Con Cipriani, ma soprattutto con Tulli, l'alto prelato mostra grande familiarità, dimestichezza nella gestione del denaro attraverso i conti aperti presso lo Ior. Tanto che più volte si vanta di poter movimentare soldi «perché lì è più veloce e sicuro». Lunedì 1 luglio, di fronte al giudice che aveva disposto la sua cattura, Scarano ha ammesso gli illeciti - pur sostenendo di aver agito in buona fede - e ha mostrato un atteggiamento di collaborazione che evidentemente preoccupa i suoi vecchi amici dello Ior. I pubblici ministeri Stefano Pesci e Stefano Rocco Fava, titolari del fascicolo assieme al procuratore aggiunto Nello Rossi, torneranno a interrogarlo nei prossimi giorni. Molti sono gli argomenti che il monsignor può approfondire, tanti i segreti che può svelare.
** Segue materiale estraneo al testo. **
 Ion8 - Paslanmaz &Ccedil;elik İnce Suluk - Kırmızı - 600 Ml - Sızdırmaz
L'operazione relativa ai 20 milioni non si è conclusa e bisognerà comprendere per quale motivo sia saltata all'ultimo minuto, visto che tutto era stato pianificato. Altri sono gli affari di cui può parlare, anche tenendo conto di quanto è già stato scoperto dai finanzieri guidati dal generale Giuseppe Bottillo: flussi di denaro dalla provenienza sospetta, mutui accesi e poi estinti con somme frazionate per occultarne l'origine.
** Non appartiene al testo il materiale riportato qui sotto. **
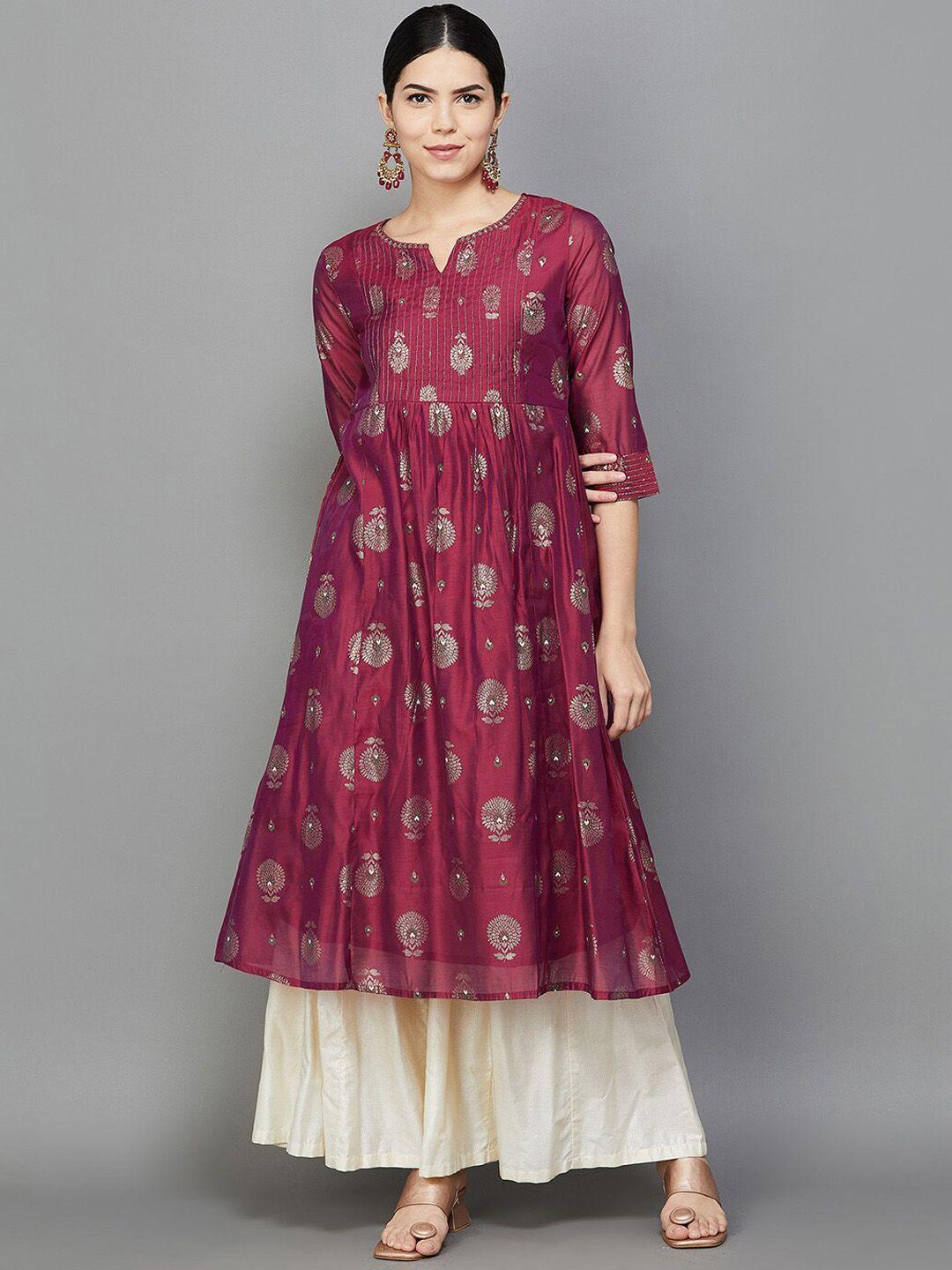 melange by lifestyle ethnic motifs printed empire a-line kurta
Anche Scarano potrebbe essere accusato di riciclaggio. Un nome in più nell'elenco che, oltre a Cipriani e Tulli, già comprende don Evaldo Biasini, il famoso «don bancomat» dell'inchiesta sugli appalti dei Grandi Eventi. E l'avvocato Michele Briamonte. Il professionista è consulente dello Ior e nelle scorse settimane è stato fermato dalla Finanza nello scalo di Ciampino mentre si imbarcava su un aereo insieme con monsignor Roberto Lucchini, uno dei collaboratori più stretti del cardinale Tarcisio Bertone.

I militari volevano controllare il contenuto della sua valigetta ma lui si oppose sostenendo di poter godere dell'immunità diplomatica della Santa Sede. Una prerogativa che non ha potuto vantare quando è stato sospeso per due mesi dal consiglio di amministrazione del Monte dei Paschi perché accusato di insider trading. E che difficilmente potrà far valere di fronte ai pubblici ministeri romani che lo accusano di aver gestito svariate operazioni sospette.